That doesn't align with what the log shows. That's only 9 or so seconds.


(Rajasekhar Reddy Vasantholla) #5

Thanks @warkolm for the reply.

Can you please observe the process start time and the logging start time. Below i have given the process start time.

process started @ Oct 9 00:09:12 2018
Logging started @ 2018-10-09T05:09:36

There is 5 hours difference between process start time and log generation time.
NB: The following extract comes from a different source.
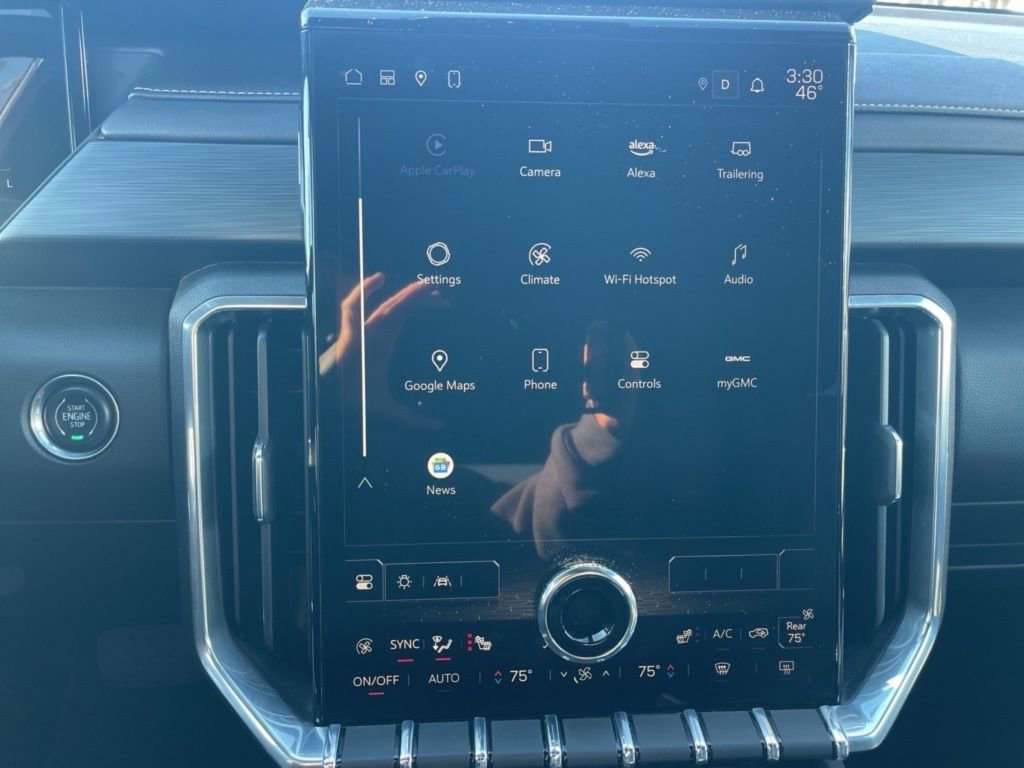 Used 2025 GMC Acadia Elevation AWD/4WD image 19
So, It means it took 5 hours to enable 9200 port.

bash-4.2$ ps -eo pid,lstart,cmd | grep elastic
4281 Tue Oct 9 00:09:12 2018 /local/mnt/java/java8/bin/java -Xms2g -Xmx2g -XX:+UseConcMarkSweepGC -XX:CMSInitiatingOccupancyFraction=75 -XX:+UseCMSInitiatingOccupancyOnly -XX:+AlwaysPreTouch -server -Xss1m -Djava.awt.headless=true -Dfile.encoding=UTF-8 -Djna.nosys=true -Djdk.io.permissionsUseCanonicalPath=true -Dio.netty.noUnsafe=true -Dio.netty.noKeySetOptimization=true -Dio.netty.recycler.maxCapacityPerThread=0 -Dlog4j.shutdownHookEnabled=false -Dlog4j2.disable.jmx=true -Dlog4j.skipJansi=true -XX:+HeapDumpOnOutOfMemoryError -Des.path.home=/local/mnt/elastic/elasticsearch-5.5.2 -cp /local/mnt/elastic/elasticsearch-5.5.2/lib/* org.elasticsearch.bootstrap.Elasticsearch -Epath.data=/local/mnt/elastic/data -Enode.name=rvasanth001.qualcomm.com -Ecluster.name=rvasanth-es -Epath.logs=/local/mnt/elastic/logs -Enetwork.host=site -Ebootstrap.system_call_filter=false -Ediscovery.zen.ping.unicast.hosts=rvasanth001.qualcomm.com,rvasanth002.qualcomm.com,rvasanth003.qualcomm.com -Enode.master=true -Enode.data=true -Enode.ingest=true -d
20400 Thu Oct 11 01:03:43 2018 grep elastic
bash-4.2$


(Mark Walkom) #6

What timezone does the server have set?


(Rajasekhar Reddy Vasantholla) #7

It is on PDT/PST


(Mark Walkom) #8

Then it's likely the reason you are seeing the difference in times there.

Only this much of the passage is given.